Figure 4: Workflow of Mem-ChangingGrounder (MCG). The upper part shows the overall pipeline: MCG classifies queries, retrieves memory, uses OSS and SRAS to search, applies fallback when needed, and predicts the 3D bounding box through multi-view projection. The lower part shows details of OSS, SRAS, and Multi-view Projection.
Experimental Results and Analysis
MCG is evaluated against three baselines:
- Wandering Grounding (WG): Exhaustive exploration of the current scene.
- Central Rotation Grounding (CRG): 360° rotation at the scene center.
- Memory-Only Grounding (MOG): Uses only memory, no exploration.
MCG achieves the highest localization accuracy (36.8% [email protected] in high-res) while maintaining significantly lower exploration cost compared to WG. CRG and MOG have lower costs but substantially reduced accuracy, demonstrating the necessity of both memory and targeted exploration. Notably, MCG's memory-driven policy enables a favorable trade-off between efficiency and precision.
Ablation studies confirm that memory access dramatically reduces exploration cost without sacrificing accuracy, and that multi-view projection and fallback strategies further improve robustness. The choice of VLM is critical: GPT-4.1 outperforms GPT-4o, indicating that advances in VLMs directly translate to better grounding performance.

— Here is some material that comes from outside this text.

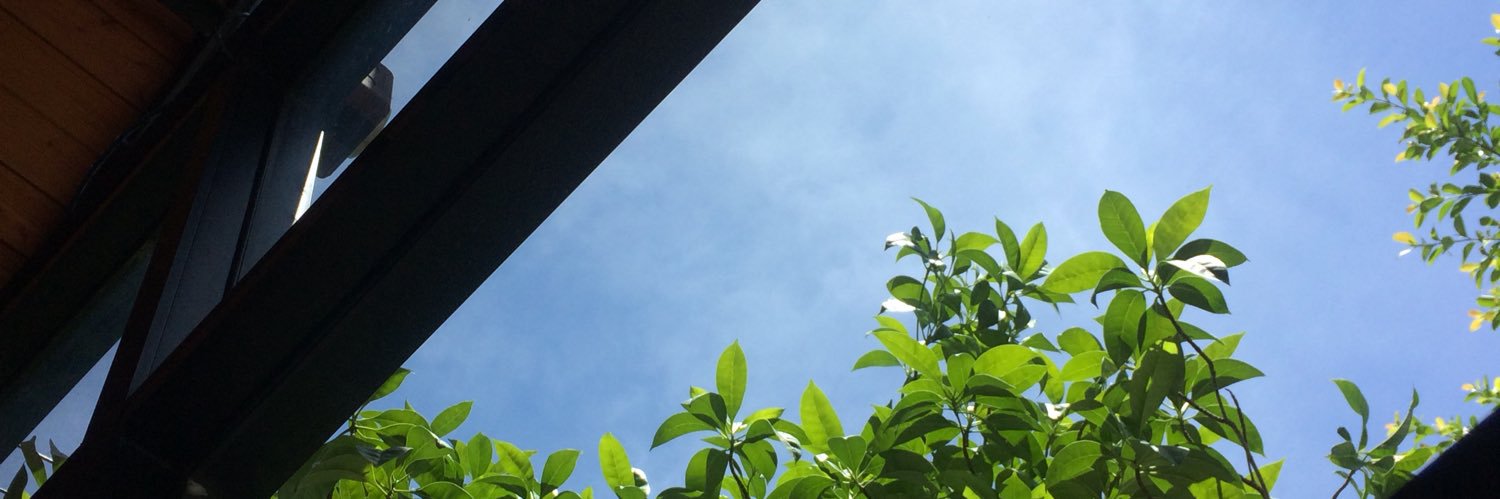 mmeeaannyep's profile banner image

Failure Modes and Limitations
The authors provide a detailed analysis of failure cases:
- VLM Failures: Inaccurate anchor or target identification due to limited VLM spatial reasoning, especially for fine-grained or relational queries.
- SRAS/OSS Limitations: Insufficient viewpoint coverage can miss objects, particularly those at unusual heights or occluded positions.

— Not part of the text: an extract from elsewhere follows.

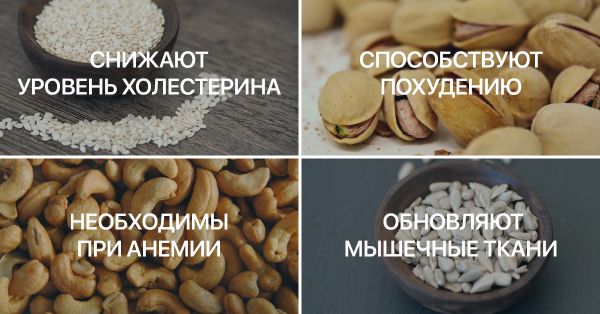 Полезные свойства орехов для организма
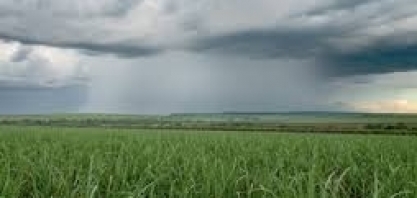 Um megaplantio com os riscos do atraso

- Segmentation and Projection Errors: SAM and projection steps are sensitive to rendering artifacts and detector errors, leading to noisy or incomplete 3D masks.
Figure 5: VLMs failure in memory retrieval, the anchor object is a box.
Figure 6: Failure in SRAS, the user query is to find the cushion that is farthest from the PC.
Figure 7: VLMs fail to ground the target image: query “cabinet near the box.”
Figure 8: Failure in SAM and projection.
Qualitative Demonstration
A full demonstration case illustrates the stepwise reasoning and perception process of MCG, showing how memory retrieval, spatial relation parsing, targeted exploration, and multi-view fusion are orchestrated to localize the target object in a changing scene.
Figure 9: Case of the MCG grounding part-1.
Figure 10: Case of the MCG grounding part-2.
Figure 11: Case of the MCG grounding part-3.
Implications and Future Directions
This work establishes a new research direction for 3D visual grounding in dynamic environments, emphasizing the importance of memory-driven, active perception. The ChangingGrounding benchmark and MCG baseline provide a foundation for developing more practical and efficient 3DVG systems for robotics and embodied AI.
Key implications and open problems include:
- VLM Robustness: Improving spatial reasoning and relational understanding in VLMs is essential for further gains.
- Multimodal Integration: Tighter coupling of visual, linguistic, and spatial cues can enhance grounding accuracy.
- Benchmark Expansion: Incorporating more diverse scene changes (lighting, appearance, dynamic interactions) and allocentric relations will increase realism and challenge.
- Efficient 2D-3D Fusion: Advances in segmentation and projection pipelines are needed to reduce noise and improve 3D localization.
Conclusion
The ChangingGrounding benchmark and Mem-ChangingGrounder baseline redefine 3D visual grounding as an active, memory-centric problem, moving beyond static scene assumptions. By jointly optimizing for accuracy and exploration cost, this work provides a practical framework for real-world robotic perception in dynamic environments and sets the stage for future research in memory-augmented embodied AI.